AI agents call onpe_chat to retrieve information from Onpe without modifying anything — typically the context-gathering step in research, monitoring, and reporting workflows, before the agent takes action elsewhere.
Based on the server's stated purpose (querying electoral data with natural language) and naming conventions (chat tools typically enable queries without modification), this appears to be a Read operation that retrieves electoral statistics and mesa results. No destructive, financial, or code execution capabilities are evident.
From the tool's definition Tool name 'onpe_chat' and sibling tools including 'onpe_2021_chat' suggest a natural language query interface.
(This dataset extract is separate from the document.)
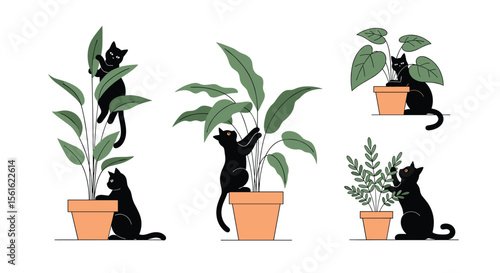 Playful Black Cats Delight in Climbing and Exploring Lush Green Houseplants in Cozy Indoor Scenes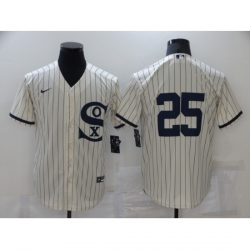 Men Chicago White Sox 25 Jim Abbott Cream Game 2021 Field of Dreams Jersey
Attacks that exploit this kind of access
onpe_chat. It is categorised as a Read tool in the Onpe MCP Server, which means it retrieves data without modifying state.
Register the Onpe MCP server in PolicyLayer and add a rule for onpe_chat: allow, deny, rate-limit, or require approval. Point your MCP client at the PolicyLayer proxy URL and the rule is enforced on every call, before it reaches Onpe. Nothing to install.
onpe_chat is a Read tool with low risk. Read-only tools are generally safe to allow by default.
Yes. Add a rate_limit block to the onpe_chat rule in your PolicyLayer policy. For example, setting max: 10 and window: 60 limits the tool to 10 calls per minute. Rate limits are tracked per agent session and reset automatically.
Set action: deny in the PolicyLayer policy for onpe_chat. The AI agent will receive a policy violation error and cannot call the tool. You can also include a reason field to explain why the tool is blocked.
onpe_chat is provided by the Onpe MCP server (oscarzamora/onpe-mcp). PolicyLayer sits as a proxy in front of this server to enforce policies before tool calls reach the server.
Every MCP server has a record like this.
Type a name, get the same breakdown: verified identity, auth posture, risk grade, capabilities, recommended policy.